• [ABOUT THIS TASK]
Return the listing below exactly as it stands. Pictures stay out.

• [RECORDS TO PROCESS]
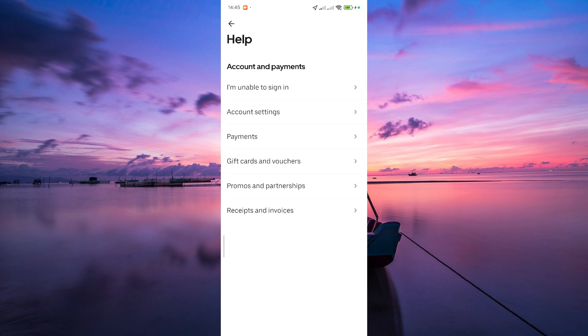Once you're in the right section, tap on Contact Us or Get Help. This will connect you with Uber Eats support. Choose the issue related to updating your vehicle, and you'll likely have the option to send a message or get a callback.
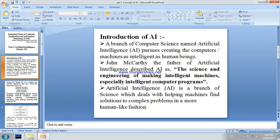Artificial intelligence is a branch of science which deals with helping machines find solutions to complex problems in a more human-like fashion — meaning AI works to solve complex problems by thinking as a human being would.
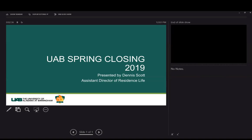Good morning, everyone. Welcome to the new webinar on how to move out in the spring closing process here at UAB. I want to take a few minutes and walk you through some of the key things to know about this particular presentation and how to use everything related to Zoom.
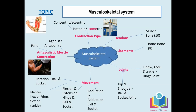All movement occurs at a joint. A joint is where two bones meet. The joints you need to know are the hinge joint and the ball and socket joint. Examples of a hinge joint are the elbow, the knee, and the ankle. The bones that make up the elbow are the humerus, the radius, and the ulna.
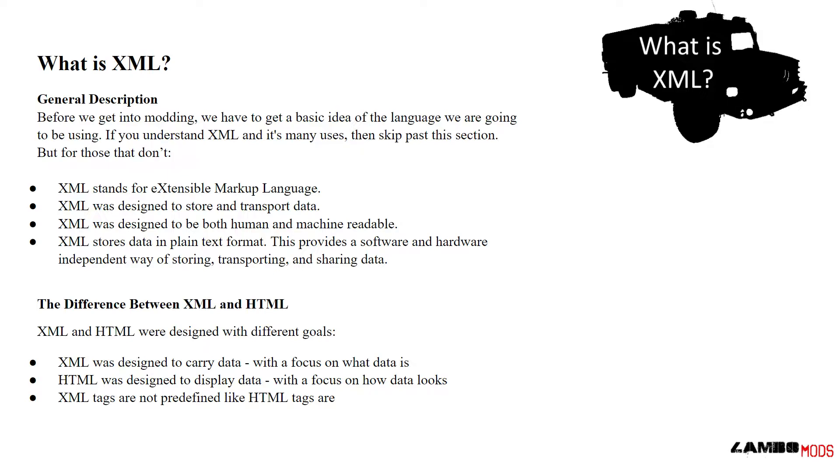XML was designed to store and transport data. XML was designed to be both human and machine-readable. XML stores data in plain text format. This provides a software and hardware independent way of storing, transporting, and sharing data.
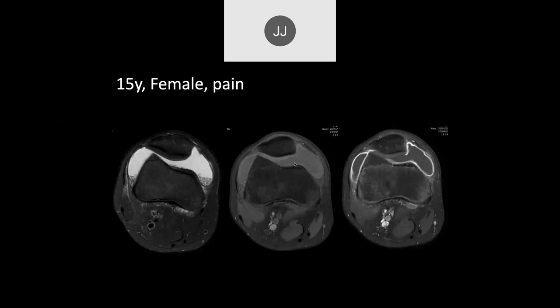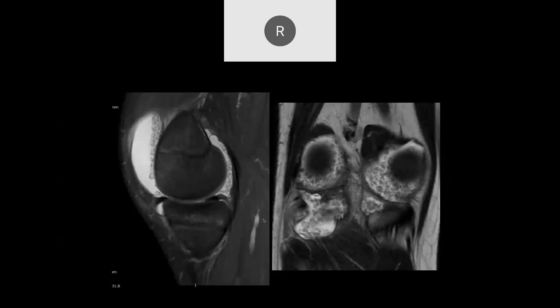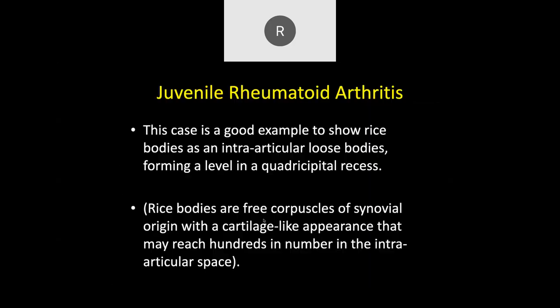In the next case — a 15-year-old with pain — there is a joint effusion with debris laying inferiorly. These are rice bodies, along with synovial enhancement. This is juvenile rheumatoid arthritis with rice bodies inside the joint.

• [WORKED SOLUTION]
Once you're in the right section, tap on Contact Us or Get Help. This will connect you with Uber Eats support. Choose the issue related to updating your vehicle, and you'll likely have the option to send a message or get a callback.
Artificial intelligence is a branch of science which deals with helping machines find solutions to complex problems in a more human-like fashion — meaning AI works to solve complex problems by thinking as a human being would.
Good morning, everyone. Welcome to the new webinar on how to move out in the spring closing process here at UAB. I want to take a few minutes and walk you through some of the key things to know about this particular presentation and how to use everything related to Zoom.
All movement occurs at a joint. A joint is where two bones meet. The joints you need to know are the hinge joint and the ball and socket joint. Examples of a hinge joint are the elbow, the knee, and the ankle. The bones that make up the elbow are the humerus, the radius, and the ulna.
XML was designed to store and transport data. XML was designed to be both human and machine-readable. XML stores data in plain text format. This provides a software and hardware independent way of storing, transporting, and sharing data.
In the next case — a 15-year-old with pain — there is a joint effusion with debris laying inferiorly. These are rice bodies, along with synovial enhancement. This is juvenile rheumatoid arthritis with rice bodies inside the joint.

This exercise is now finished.